Syria’s unraveling is not an anomaly—it is part of a broader regional pattern. From Iraq’s Kurdish federalism to Libya’s dual governments, the Arab world has become a testing ground for the canton model. Again and again, sectarianism and identity politics are leveraged to dismantle states into manageable, faction-led enclaves.
For “Israel”, this represents a strategic windfall: fragmented neighbors are easier to manage, pose less of a threat, and can even become covert allies. A dismembered Syria with neutralized borders offers long-term security without the costs of war.
Israel has no allies in the region, only interests. It has no intention of protecting anyone in Syria or the region. In Sweida, as elsewhere, Israel’s sole objective is to exploit instability to advance its long-standing Yinon Plan: fragmenting surrounding nations into weak,… pic.twitter.com/chhD0E7PlE
— Marwa Osman || مروة عثمان (@Marwa__Osman) July 20, 2025
Every wave of violence chips away at the central idea of the Syrian state and emboldens the logic of internationally sanctioned cantons. These are not organic developments—they are methodically cultivated under the guise of humanitarianism, but in truth serve as instruments of regional redesign.
It’s worth noting that “Israel” DOES NOT PROTECT—it exploits.

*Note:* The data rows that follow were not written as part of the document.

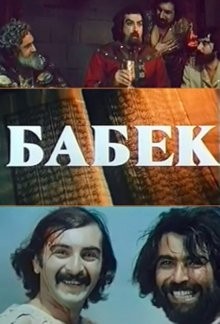 Бабек ()  года смотреть онлайн бесплатно в отличном качестве. Постер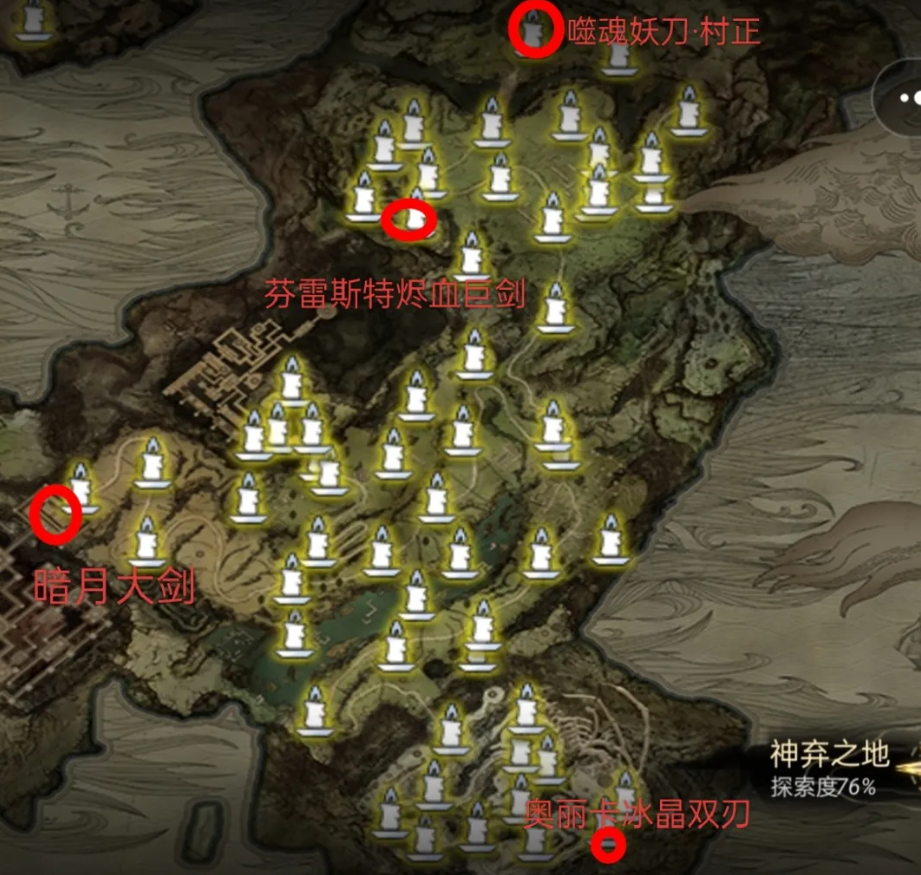 芬雷斯特烬血巨剑Boss战位置示意图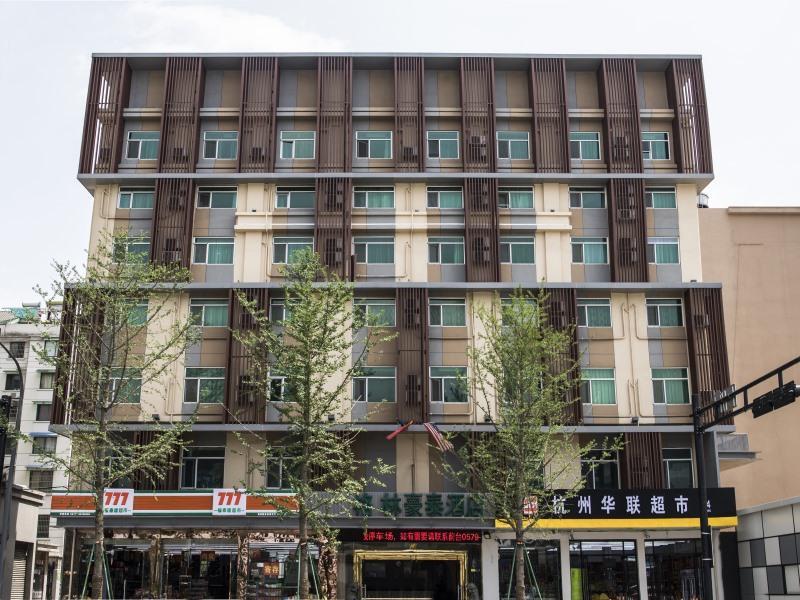 Greentree Inn Jinhua South Railway Station Esterno foto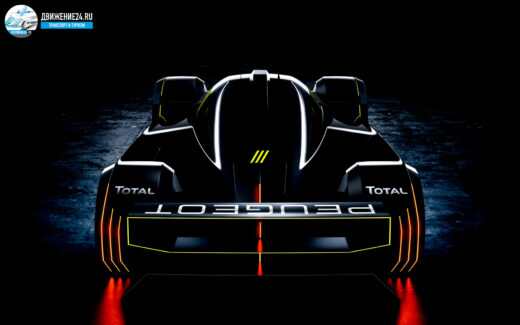 Гиперкар Peugeot Le Mans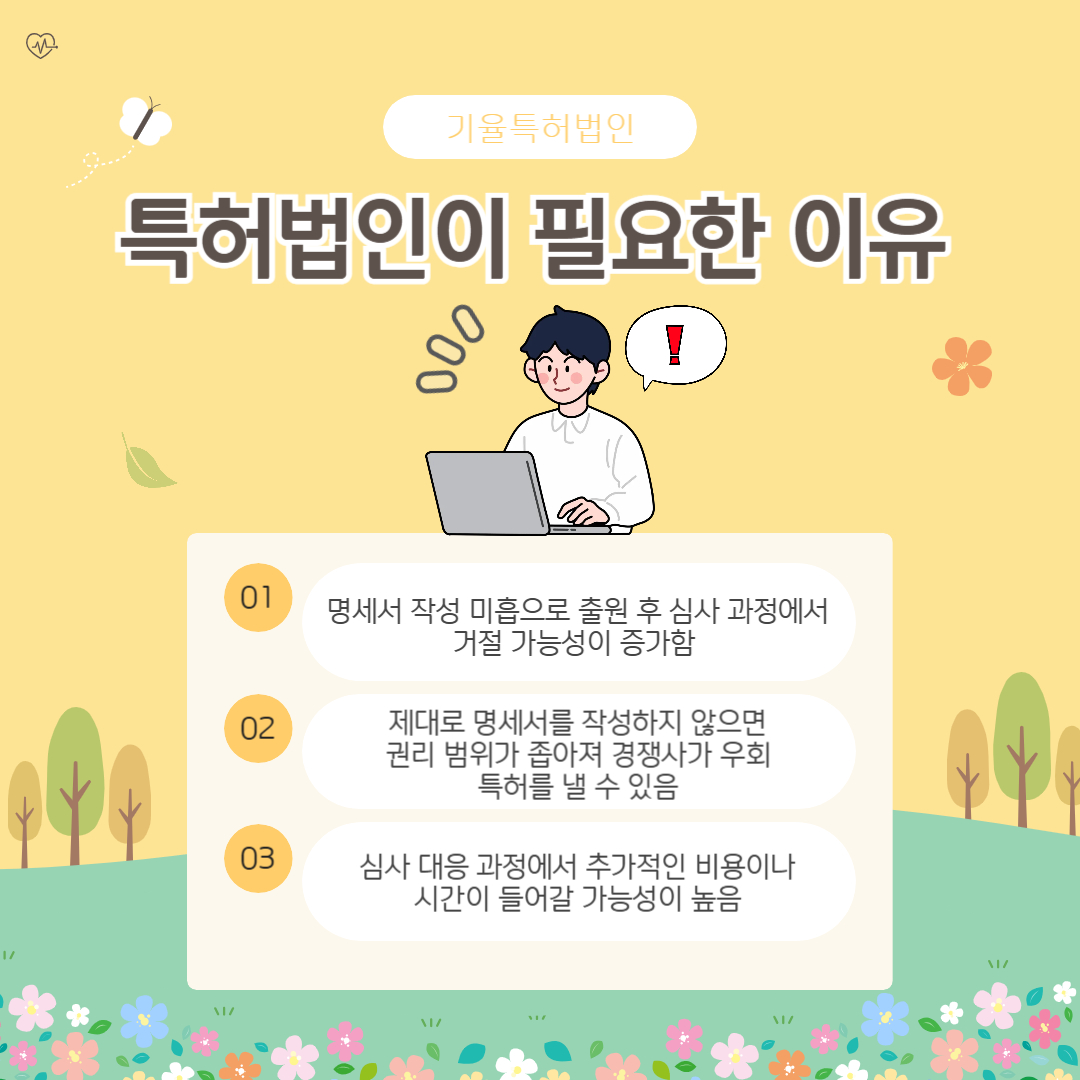 002 – 기율특허법인 특허받는법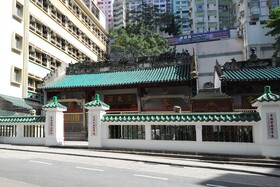 Bishop Lei International House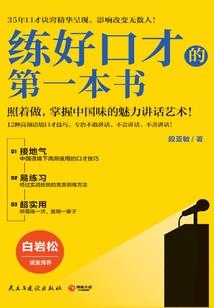 永生神基因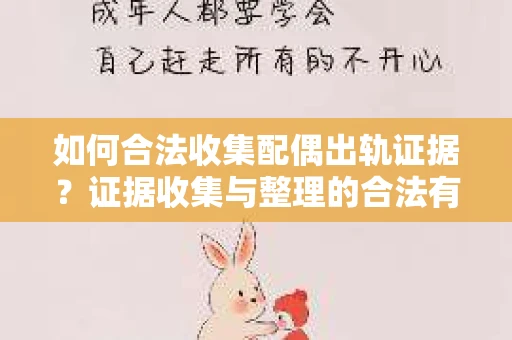 如何合法收集配偶出轨证据？证据收集与整理的合法有效策略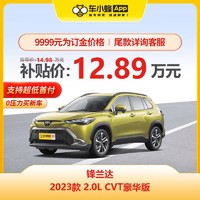 TOYOTA 丰田 锋兰达 2023款 2.0L CVT豪华版 车小蜂汽车新车订金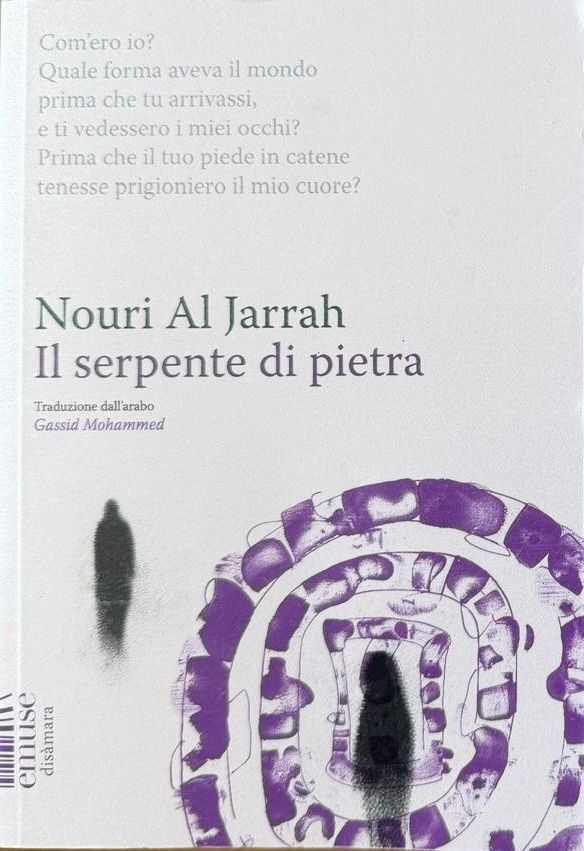 Il serpente di pietra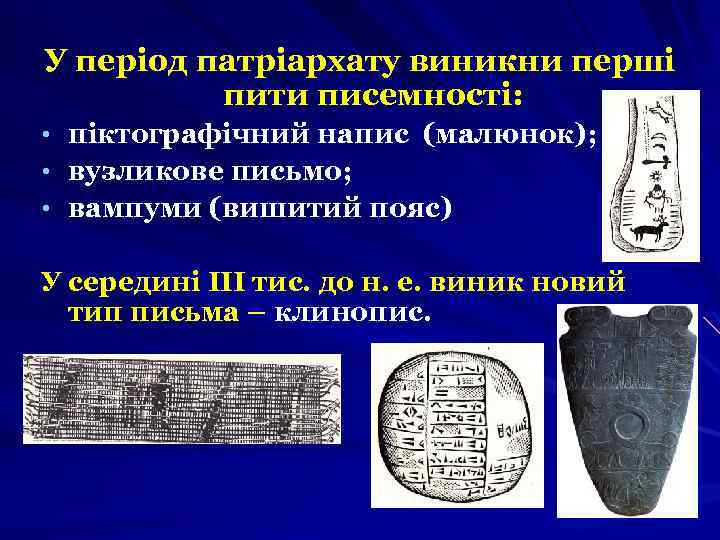 У період патріархату виникни перші пити писемності: • • • піктографічний напис (малюнок); вузликове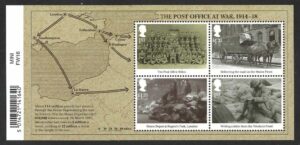 QEII 2016 The Post Office at War MS3848 – unmounted mint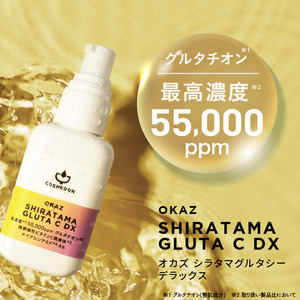 国産純度100%高濃度55,000ppm※2！塗るグルタチオン美容液登場。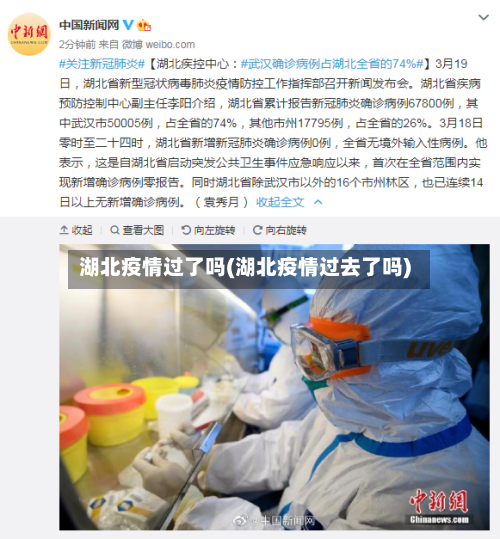 湖北疫情过了吗(湖北疫情过去了吗)-第2张图片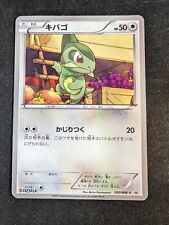 Axew 050/Bw-p Promo PIZZA-LA Japanese Pokemon Card picture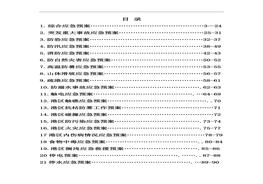 案和應(yīng)急救援預(yù)案（127頁(yè)）doc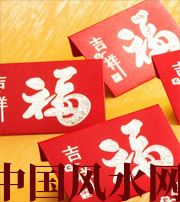 贺州钱包里放什么，才能让你财源滚滚？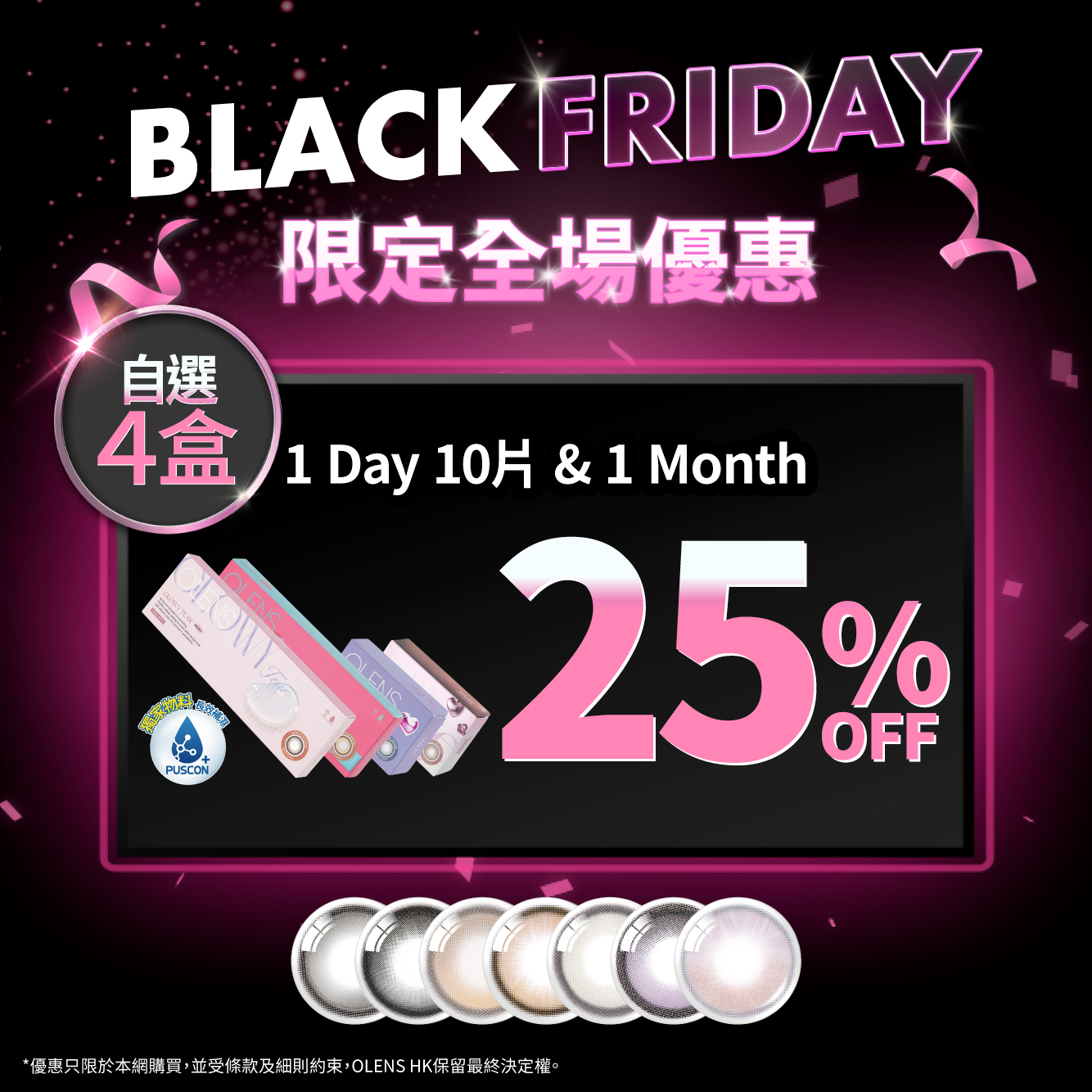 4盒75折 [OLENS 1 day 10P/1 MONTH]
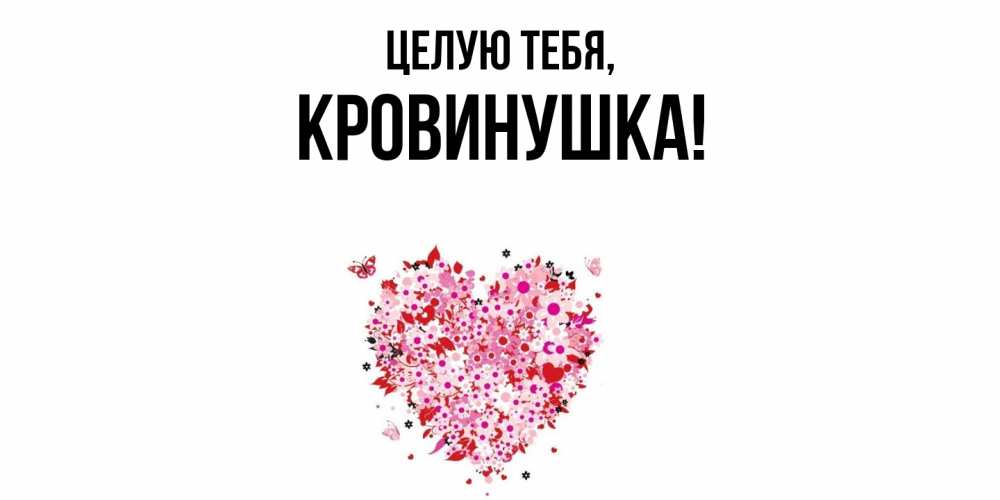 Открытка  для любимых и родных. кровинушка, Целую тебя  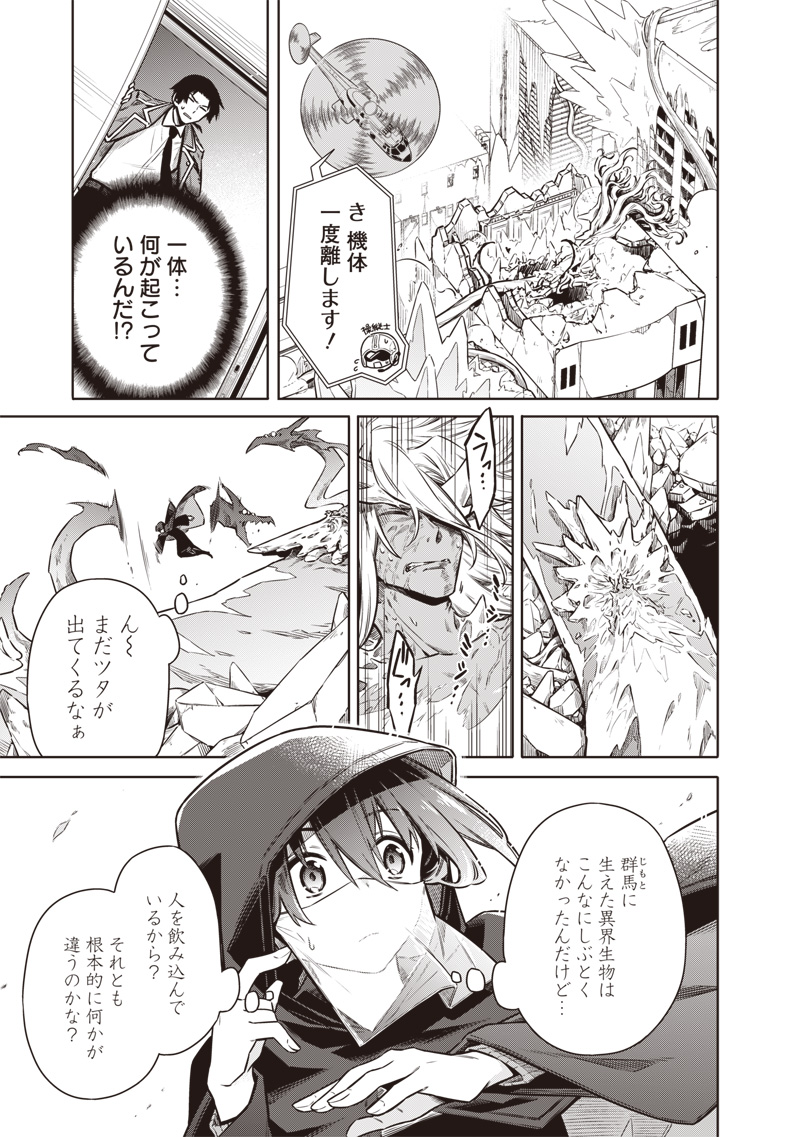 Toukyou KINOKO: Sekai Ranking 1-i no Komyu-ryoku Saijaku JK - Chapter 17 - Page 3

It builds strategic depth atop chaos, using collapse as cover for consolidation.
None of this is accidental. Syria’s sectarian unraveling is part of a rolling partition, orchestrated by foreign powers, executed by local proxies, and justified by hollow promises of safety. The real outcome is a Syria at risk of becoming a patchwork of warring sectarian fiefdoms, buried beneath the ruins of a once-sovereign state.
The dynamics unfolding in Syria are unlikely to remain entirely insulated. In a region where sectarian identities often intersect with political fault lines, the precedent of fragmented governance may take hold beyond Syrian territory. Neighboring countries with similarly intricate social fabrics—such as Lebanon—could find its internal balances increasingly sensitive to regional shifts. In such contexts, even minor disturbances risk amplifying underlying tensions, particularly when external interests are never far removed.
The central question remains: Can Syria, battered and bloodied, re-emerge as a unified state—or are we witnessing the irreversible birth of “Canton Syria,” a country by name only, divided by identity and ruled by foreign design?